CoreImportExtension ships the rules that cover <p>, <span>, inline format tags (<b>, <strong>, <em>, <i>, <code>, <mark>, <s>, <sub>, <sup>, <u>), <br>, and #text — everything the core lexical package's legacy importDOM machinery handled. Higher-level bundles you can drop in alongside:

ExtensionProvides
CoreImportExtension (@lexical/html)<p>, <span>, inline format tags, <br>, #text
HorizontalRuleImportExtension (@lexical/html)<hr>
RichTextImportExtension (@lexical/rich-text)<h1><h6>, <blockquote>, Google Docs 26pt-title heuristic
ListImportExtension (@lexical/list)<ol>, <ul> (incl. checklist detection), <li>, GitHub task list, Joplin checkbox
LinkImportExtension (@lexical/link)<a>
TableImportExtension (@lexical/table)<table>, <tr>, <td>, <th>
CodeImportExtension (@lexical/code-core)<pre>, multi-line <code>, monospace <div>, GitHub raw-file-view tables

Each bundle depends on CoreImportExtension (the inline-format rules are nearly always wanted) and on the corresponding node-providing extension where possible, so you only have to list the import extension in your editor's dependency tree.

tip

The legacy entry $generateNodesFromDOM(editor, dom) and the new extension's dep.output.$generateNodesFromDOM(dom) both live in @lexical/html.
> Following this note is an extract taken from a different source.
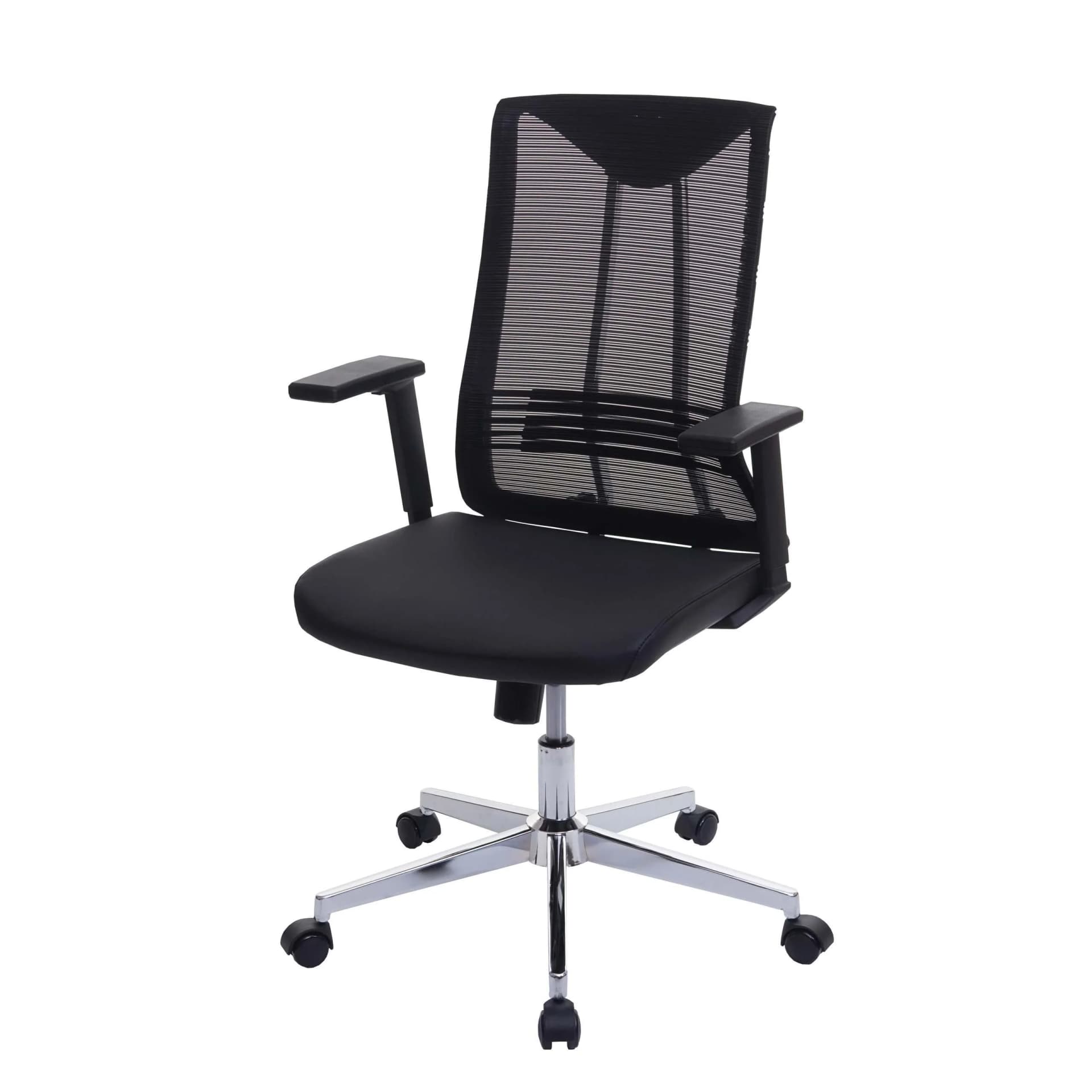 Bürostuhl MCW-J53 Drehstuhl Schreibtischstuhl Ergonomisch Kunstleder Schwarz - Bild 2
Tell them apart by signature: the legacy takes the editor first, the new one takes only the DOM (plus optional {context, preprocess}).

Rules

A rule is the unit of work in the extension. Each rule is built with defineImportRule:

import {defineImportRule, sel} from '@lexical/html';
import {$createParagraphNode} from 'lexical';

const ParagraphRule = defineImportRule({
name: '@app/p',
match: sel.tag('p'),
$import: (ctx, el) => {
const p = $createParagraphNode();
p.splice(0, 0, ctx.$importChildren(el));
return [p];
},
});

A rule has three parts:

  1. match — an opaque CompiledSelector produced by sel.*. The dispatcher buckets rules by tag at compile time so the per-node dispatch cost is bounded by the number of rules registered for that tag (typically one or two).
  2. $import — middleware-style function (ctx, node, $next) => readonly LexicalNode[]. The element type of node is narrowed by the selector (e.g. sel.tag('a') gives HTMLAnchorElement, sel.text() gives Text). Return [] to drop the element, or call $next() to defer to the next-lower matching rule.
  3. name (optional) — surfaces in dev-mode warnings and error traces. Convention: '@scope/package/rule-id'.

Dispatch order

When multiple rules match the same element, the one registered LATER wins (higher priority). mergeConfig prepends partial.rules to the existing list, so an extension's rules run before the rules its dependencies contributed. Within a single extension's rules array, the first entry has highest priority.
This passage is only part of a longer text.